## [Activity]
Below are records; give the number of their lines that hold the word "Research", and write nothing more.
START Data
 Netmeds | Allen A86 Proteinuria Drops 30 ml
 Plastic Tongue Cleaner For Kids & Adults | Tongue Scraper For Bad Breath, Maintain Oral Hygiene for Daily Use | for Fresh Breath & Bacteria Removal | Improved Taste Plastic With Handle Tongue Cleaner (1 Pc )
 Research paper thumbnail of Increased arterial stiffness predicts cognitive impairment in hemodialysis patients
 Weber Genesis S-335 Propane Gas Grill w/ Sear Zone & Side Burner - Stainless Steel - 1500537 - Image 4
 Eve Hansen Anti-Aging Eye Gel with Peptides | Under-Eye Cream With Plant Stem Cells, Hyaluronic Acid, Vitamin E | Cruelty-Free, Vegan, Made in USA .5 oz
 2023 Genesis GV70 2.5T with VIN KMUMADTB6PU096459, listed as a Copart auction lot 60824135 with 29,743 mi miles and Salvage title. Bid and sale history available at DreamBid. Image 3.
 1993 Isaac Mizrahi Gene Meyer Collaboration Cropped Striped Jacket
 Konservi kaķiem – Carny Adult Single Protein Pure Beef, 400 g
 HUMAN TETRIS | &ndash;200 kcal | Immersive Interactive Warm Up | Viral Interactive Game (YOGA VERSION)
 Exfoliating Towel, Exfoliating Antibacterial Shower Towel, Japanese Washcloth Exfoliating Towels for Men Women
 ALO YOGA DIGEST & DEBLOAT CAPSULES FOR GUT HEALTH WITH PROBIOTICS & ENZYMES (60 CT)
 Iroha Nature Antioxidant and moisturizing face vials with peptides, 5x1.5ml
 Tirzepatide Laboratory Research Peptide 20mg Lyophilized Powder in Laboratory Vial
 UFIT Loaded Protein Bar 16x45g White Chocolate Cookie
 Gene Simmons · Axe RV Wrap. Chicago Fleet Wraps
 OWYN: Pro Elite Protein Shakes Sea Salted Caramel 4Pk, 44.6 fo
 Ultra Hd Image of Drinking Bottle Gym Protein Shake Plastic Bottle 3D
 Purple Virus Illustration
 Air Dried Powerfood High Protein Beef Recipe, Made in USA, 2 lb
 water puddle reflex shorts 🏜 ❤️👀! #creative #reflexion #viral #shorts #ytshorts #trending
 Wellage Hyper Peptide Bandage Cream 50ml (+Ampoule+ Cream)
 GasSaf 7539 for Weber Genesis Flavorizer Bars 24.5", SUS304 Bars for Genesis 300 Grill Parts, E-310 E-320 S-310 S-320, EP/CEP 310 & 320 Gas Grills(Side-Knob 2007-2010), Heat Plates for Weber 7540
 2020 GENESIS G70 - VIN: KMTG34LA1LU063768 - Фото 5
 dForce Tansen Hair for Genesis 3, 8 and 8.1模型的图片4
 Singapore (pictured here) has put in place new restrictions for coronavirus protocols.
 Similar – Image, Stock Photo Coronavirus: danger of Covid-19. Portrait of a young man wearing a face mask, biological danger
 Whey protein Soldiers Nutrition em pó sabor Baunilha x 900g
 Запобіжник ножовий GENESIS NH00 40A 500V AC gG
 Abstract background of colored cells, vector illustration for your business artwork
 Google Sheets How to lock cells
END Data
## [Exercise answer]
2